On 17/02/16 21:14, Anton Khirnov wrote:
> Quoting Mark Thompson (2016-02-16 00:24:31)
>> diff --git a/libavutil/hwcontext_vaapi.c b/libavutil/hwcontext_vaapi.c
>> ...
>> +static AVBufferRef *vaapi_pool_alloc(void *opaque, int size)
>> +{
>> + AVHWFramesContext *hwfc = opaque;
>> + VAAPIFramesContext *ctx = hwfc->internal->priv;
>> + AVVAAPIDeviceContext *hwctx = hwfc->device_ctx->hwctx;
>> + AVVAAPIFramesContext *avfc = hwfc->hwctx;
>> + VASurfaceID surface_id;
>> + VAStatus vas;
>> + AVBufferRef *ref;
>> +
>> + vas = vaCreateSurfaces(hwctx->display, ctx->rt_format,
>> + hwfc->width, hwfc->height,
>> + &surface_id, 1,
>> + ctx->attributes, ctx->attribute_count);
>> + if (vas != VA_STATUS_SUCCESS) {
>> + av_log(hwfc, AV_LOG_ERROR, "Failed to create surface: "
>> + "%d (%s).\n", vas, vaErrorStr(vas));
>> + return NULL;
>> + }
>> + av_log(hwfc, AV_LOG_DEBUG, "Created surface %#x.\n", surface_id);
>> +
>> + ref = av_buffer_create((uint8_t*)(uintptr_t)surface_id,
>> + sizeof(surface_id), &vaapi_buffer_free,
>> + hwfc, AV_BUFFER_FLAG_READONLY);
>> + if (!ref) {
>> + vaDestroySurfaces(hwctx->display, &surface_id, 1);
>> + return NULL;
>> + }
>> +
>> + if (hwfc->initial_pool_size > 0) {
>> + av_assert0(avfc->surface_count < hwfc->initial_pool_size);
>> + avfc->surface_ids[avfc->surface_count] = surface_id;
>> + }
>> + ++avfc->surface_count;
>> + if (avfc->surface_count == 1) {
>> + // Test whether vaDeriveImage() works for this type of surface.
>> + VAImageFormat *expected_format;
>> + VAImage test_image;
>> + int err;
>> +
>> + ctx->derive_works = 0;
>
> I see potential troubles with modifying the context here -- both the
> private one and (especially) the public one.
> This API should be thread-safe, since there are many framesctx refs
> lying around and you don't know when they will be used.
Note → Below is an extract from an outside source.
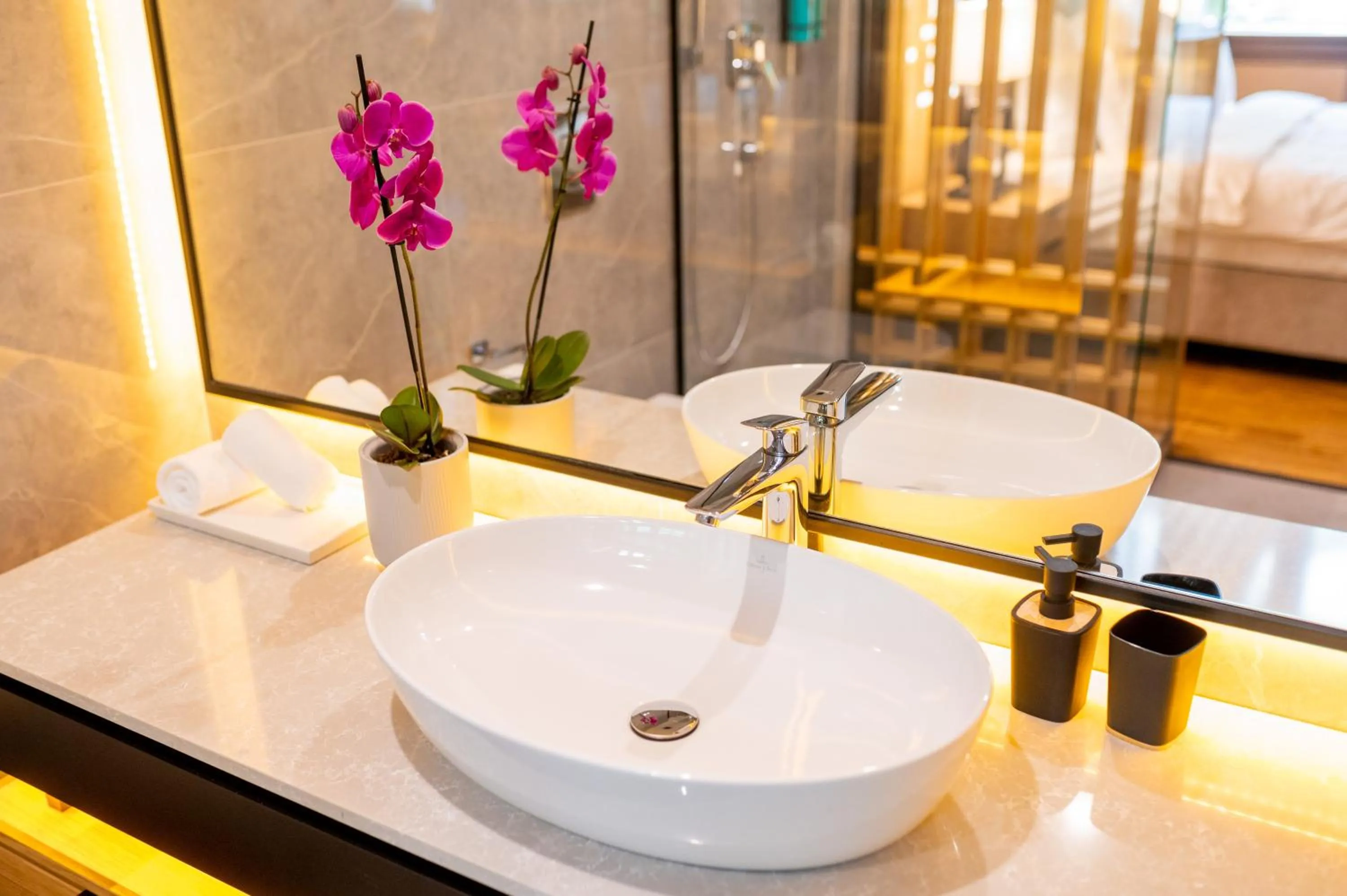 Bed in Hanami Design Hotel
If necessary, we
> can add locking to it, but it's better to avoid that if possible. And i
> think it is possible here -- testing whether derive works can be done at
> frames ctx (or even device ctx) init, right?
Yes. (Given the format, so frames ctx init.)
> Modifying the surface count is even more tricky, since the field is
> public and can be accessed concurrently by the user. We can add some
> kind of a locking API, but I still feel that it will be much simpler
> to just preallocate the entire array in framesctx init and never touch
> it after that.
> And if the caller really wants a dynamic pool, that is still achievable
> if he supplies his own custom AVBufferPool.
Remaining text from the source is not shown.